Opinion
Rehearing Denied March 19, 1970.
Editorial Note:
This case has been marked 'not for publication' by the court.
Page 896
Fischer, Fischer & Beatty, Albert P. Fischer, Ward H. Fischer, James D. Beatty, Philip H. Potter, Fort Collins, for plaintiffs in error.
March, March & Sullivan, Arthur E. March, Jr., John-David Sullivan, Fort Collins, for defendant in error.
ENOCH, Judge.
This case was originally filed in the Supreme Court of the State of Colorado and subsequently transferred to the Court of Appeals under authority vested in the Supreme Court.
The plaintiffs in error were the defendants in the trial court representing the estate of the deceased, Frank E. Baker, and the residuary beneficiaries, and will herein be referred to as the estate. The defendant in error, Mary Ann Lundstrom, was a claimant against the estate and will herein be referred to as claimant or by name.
Mr. Baker died November 29, 1965. His will was admitted to probate December 20, 1965. This will left nothing to the claimant. Mrs. Lundstrom filed a claim against the estate for services rendered to decedent during his lifetime. The jury returned a verdict for $15,000, the full amount of the claim. The estate moved, inter alia, for a new trial, which motion was denied.
The claim against the estate was for personal services rendered, i.e., housework, cleaning, laundry, cooking, mending, yardwork and practical nursing service, extending over a period of 11 years. Claimant alleged a contract for these services and that the value thereof was $15,000.
To clarify the issues prior to trial, a pre-trial conference was held and a pretrial order entered providing in part as follows:
'It is further understood from the Pre-Trial Conference that claimant's theory is predicated on the claim that the decedent agreed to make a will leaving a substantial amount of his estate to the claimant for the services rendered by the claimant to decedent in his lifetime, and that claimant has now filed a claim for $15,045 and is seeking the reasonable value under quantum meruit or quantum valebant for the services rendered by the claimant to the decedent during his lifetime and is not seeking to enforce a contract to make a will in favor of the claimant per se, except insofar as the principal of law is that having agreed to make such a will the claimant is entitled to recover reasonable value for services rendered.'
Evidence of services rendered was presented by the testimony of several neighbors. They testified that at various times over the years they had observed various services rendered to decedent by the claimant.
There was some evidence of an agreement to compensate the claimant for services. The decedent had executed eight or more former wills in which claimant was a beneficiary, however, the bequest or devise varied from will to will as to the value and kind. There was also testimony of a neighbor that the decedent at one time told her that he was 'providing for (the claimant) a substantial amount in his will because they were doing this for him.'
However, as to the value of the services rendered, there is a complete void in the record of any information, evidence, or even an attempt by claimant to establish any value.

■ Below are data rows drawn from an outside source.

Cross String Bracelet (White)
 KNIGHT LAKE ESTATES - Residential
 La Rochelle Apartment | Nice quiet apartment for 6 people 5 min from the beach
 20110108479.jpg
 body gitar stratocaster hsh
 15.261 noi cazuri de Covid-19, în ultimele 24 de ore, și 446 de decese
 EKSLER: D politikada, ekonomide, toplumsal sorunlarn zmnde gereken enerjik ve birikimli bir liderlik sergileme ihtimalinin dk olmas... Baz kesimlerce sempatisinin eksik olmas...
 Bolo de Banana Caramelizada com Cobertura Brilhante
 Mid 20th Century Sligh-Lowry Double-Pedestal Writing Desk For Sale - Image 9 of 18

The trial court instructed the jury correctly as to the law concerning value of services. Instruction No. 3, among other things, stated that the claimant must prove the reasonable value of the services. Instruction No. 12 states:
'Even if a contract is proved, the claimant Cannot recover unless she proves to your reasonable satisfaction the reasonable value of any services rendered. It is not necessary that the plaintiff prove an exact amount.' 'If on the basis of the evidence you can do no more than speculate as to the reasonable value of any services rendered Then you must return your verdict for the estate * * *' (Emphasis added)
Obviously the jury did not follow these instructions. There being no evidence as to value in the record, they had speculate in order to render a verdict for $15,000. There is also some question raised by the record as to whether the jury followed some of the other instructions.
A case very much in point and which we feel to be controlling on this issue is Wysowatcky, As Administrator of the Estate of Maude Lee v. Lyons, 137 Colo. 578, 328 P.2d 576. In this case the claimant also filed a claim against the estate for personal services rendered to the decedent. Witnesses testified on behalf of claimant as to various and numerous services performed for the decedent. The trial court allowed the full claim of $750.00. At page 579, 328 P.2d at page 576 the court said:
'No witness testified as to the value of the services rendered by claimant, hence this case is controlled by our holding in Carl v. Northcutt, Administrator, 48 Colo. 48, 108 P. 994. There this court said: '* * * Not a vestige of evidence was introduced to establish the worth of that service, whatever it may have been. In the total absence of such testimony no part of the claim can properly be allowed.'
'* * * The only place in this entire record where the sum of $750.00 appears is in the sworn claim filed by Claimant. The claim on file has no evidentiary value and is merely the statement of a demand against an estate to be proved in the same manner and by like evidence as would be required in other cases where one defends as an administrator.'
The Supreme Court in that case reversed the trial court and remanded the case for a new trial.
It is our opinion that in the present case the trial court was in error in not granting the estate's motion for a new trial.
The judgment is reversed and the cause remanded for a new trial on all issues.
SILVERSTEIN, C.J., and DUFFORD, J., concur.